Psyence Group reported earnings in February when the company delivered a net loss of C$3 million and was reporting as a going concern. At the end of 2024, the company said it had not yet achieved profitable operations, has accumulated losses of C$48,982,320 since its inception.

Total assets at the end of 2024 were C$11,944,478 and comprised predominantly of: cash and cash equivalents of C$10,611,113, other receivables of C$159,808, investment in PsyLabs of C$1,071,981 and prepaids of C$68,243.

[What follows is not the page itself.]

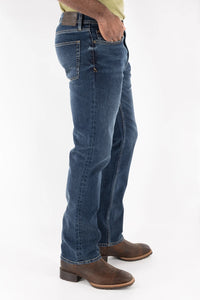 Devil-Dog Boot Cut Jean - Clayton Wash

Still, the company is pushing ahead. Psyence told investors that it has historically secured financing through share issuances and convertible debentures, and it continues to explore funding opportunities to support its operations and strategic initiatives. “Based on these actions and
management’s expectations regarding future funding and operational developments, the company believes it will have sufficient resources to meet its obligations as they become due for at least the next twelve months,” it said in its last financial filing.

The company said it believes that the consolidation will position it with greater flexibility for the development of its business and the growth of the company.